Templating in Airflow
TemplatingBest PracticesBasics
Overview
Templating is a powerful concept in Airflow to pass dynamic information into task instances at runtime. For example, say you want to print the day of the week every time you run a task:
BashOperator(
task_id="print_day_of_week",
bash_command="echo Today is {{ execution_date.format('dddd') }}",
)
In this example, the value in the double curly braces {{ }}
is our templated code to be evaluated at runtime. If we execute this code on a Wednesday, the BashOperator will print "Today is Wednesday". Templating is important across many use cases.

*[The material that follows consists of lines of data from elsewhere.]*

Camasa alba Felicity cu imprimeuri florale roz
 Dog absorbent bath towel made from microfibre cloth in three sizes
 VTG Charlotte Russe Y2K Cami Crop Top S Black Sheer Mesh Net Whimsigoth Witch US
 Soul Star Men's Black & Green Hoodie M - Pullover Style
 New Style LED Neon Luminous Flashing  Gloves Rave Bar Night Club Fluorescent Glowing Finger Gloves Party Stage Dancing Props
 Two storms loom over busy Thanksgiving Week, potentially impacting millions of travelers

For example, we can use templating to create a new directory named after a task's execution date for storing daily data (e.g. /data/path/20210824
), or we can select a specific partition (e.g. /data/path/yyyy=2021/mm=08/dd=24
) so that we scan only the relevant data for a given execution date.

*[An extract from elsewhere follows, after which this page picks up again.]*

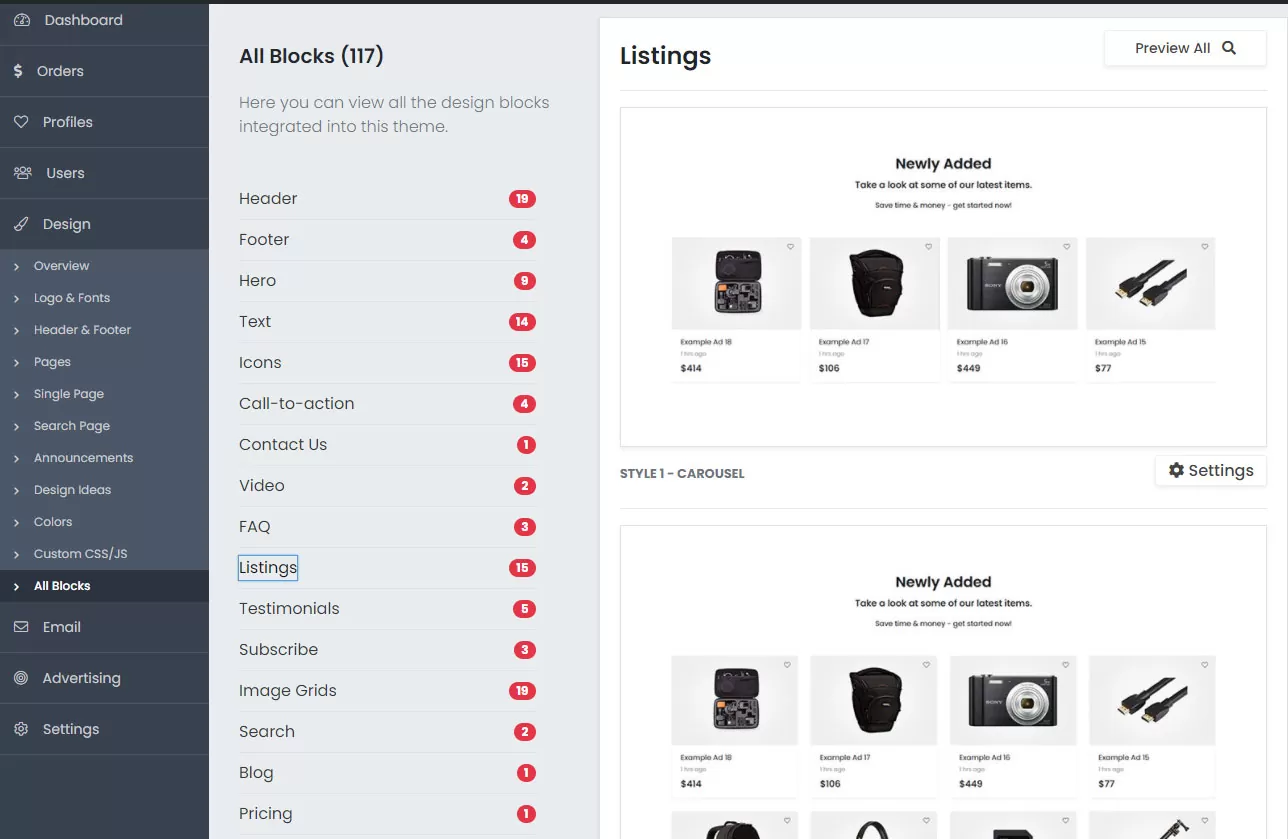 PremiumPress Elementor blocks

Airflow leverages Jinja, a templating framework in Python, as its templating engine. In this guide, we'll cover how to apply Jinja templates in your code, including:
- Which variables and functions are available when templating
- Which operator fields can be templated and which cannot
- How to validate templates
- How to apply custom variables and functions when templating
- How to render templates to strings and native Python code
Runtime Variables in Airflow
Templating in Airflow works exactly the same as templating with Jinja in Python: define your to-be-evaluated code between double curly braces, and the expression will be evaluated at runtime. As we saw in the previous code snippet, execution_date
is a variable available at runtime.
Airflow includes many variables which can be used for templating. Some of the most used variables are:
Variable name | Description |
---|---|
execution_date | Starting datetime of DAG run interval |
ds | execution_date formatted as "2021-08-27" |
ds_nodash | execution_date formatted as "20210827" |
next_ds | next execution_date (= end of current interval) datetime |
For a complete list of all available variables, refer to the Apache Airflow documentation.
Templateable Fields and Scripts
Templates cannot be applied to all arguments of an operator. Two attributes in the BaseOperator define limitations on templating:
template_fields
: Defines which fields are templateabletemplate_ext
: Defines which file extensions are templateable
Let's look at a simplified version of the BashOperator:
class BashOperator(BaseOperator):
template_fields = ('bash_command', 'env') # defines which fields are templateable
template_ext = ('.sh', '.bash') # defines which file extensions are templateable
def __init__(
self,
*,
bash_command,
env: None,
output_encoding: 'utf-8',
**kwargs,
):
super().__init__(**kwargs)
self.bash_command = bash_command # templateable (can also give path to .sh or .bash script)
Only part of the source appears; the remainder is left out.